Hérodiade craignait qu'Hérode ne vint à se repentir ou qu'il ne se réconciliât avec son frère, et qu'un divorce ne vînt dissoudre cette union scandaleuse.
L'historien Josèphe raconte que Jean-Baptiste fut amené chargé de chaînes dans la forteresse de Macheronte, et qu'il y fût décapité, et l'histoire ecclésiastique ajoute qu'il fut enseveli dans Sébaste, ville de Palestine, qui était autrefois appelée Samarie. La décapitation de saint Jean signifie la diminution de cette croyance répandue parmi le peuple qu'il était le Christ, de même que l'élévation de Jésus-Christ sur la croix f igurait le progrès toujours croissant de la foi; et en effet, celui que la multitude ne regardait que comme un prophète, fut bientôt reconnu par tous comme le Fils de Dieu. Et c'est peut-être pour cela que Jean-Baptiste, dont la réputation devait décroître, est né à cette époque de l'année, où la lumière du jour commence à décroître, tandis que Notre-Seigneur est venu au monde à l'époque où les jours commencent à croître.

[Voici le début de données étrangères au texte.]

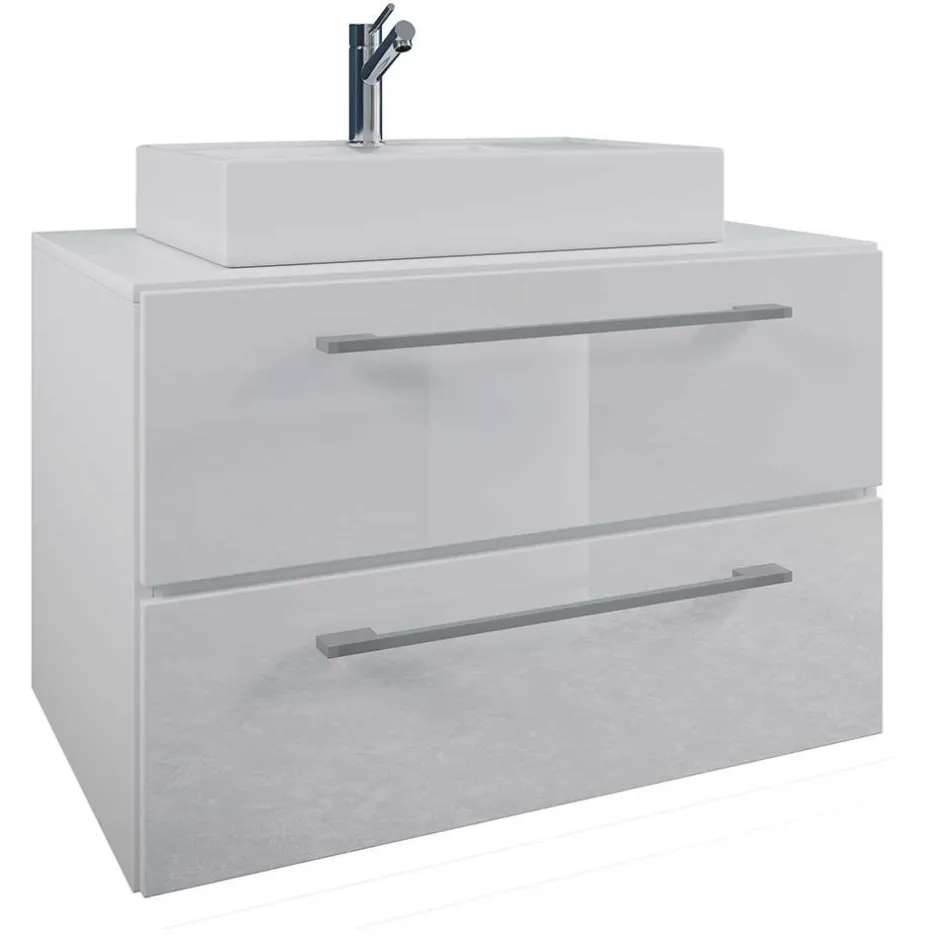 Weißer Waschplatz & Hochschrank - Ipsum (dreiteilig)^Wohnen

Je ne puis considérer sans un profond étonnement cet homme rempli de l'esprit de prophétie dès le sein de sa mère, le plus grand de tous ceux qui sont nés des femmes, et qui est jeté en prison par des hommes pervers, décapité pour payer la danse d'une courtisane, et mis à mort, lui d'une vie si austère, pour égayer des hommes voluptueux et infâmes. Pourrions-nous penser qu'il y eût dans cette vie si humble et si pénitente une seule tache que cette mort dût effacer? Comment aurait-il pu pécher par intempérance, lui qui ne se nourrissait que de sauterelles et de miel sauvage? Quelle faute dans ses rapports avec le monde, lui qui ne quitta jamais son désert? Comment le Dieu tout puissant peut-il abandonner d'une manière si terrible en ce monde ceux qu'il a choisis par une vocation si sublime avant tous les siècles? Donnons-en une raison évidente pour la piété des vrais fidèles, c'est que Dieu éprouve ainsi ses élus dans cette vie si fragile et si courte, parce qu'il sait comment il doit les récompenser dans les hauteurs des cieux; et il les laisse tomber extérieurement dans le mépris et l'abjection, parce qu'il les conduit intérieurement jusqu'aux biens incompréhensibles et immortels. Concluons de là combien souffriront dans la vie future ceux que Dieu réprouve, s'il abandonne à des tourments si cruels ceux qu'il aime.
Son inclination voluptueuse le força de faire charger de chaînes celui dont il connaissait la justice et la sainteté, et nous pouvons apprendre de là qu'une faute moins grande conduit à une faute plus grave, selon cette parole de l'Apocalypse: «Que celui qui est souillé se souille encore davantage».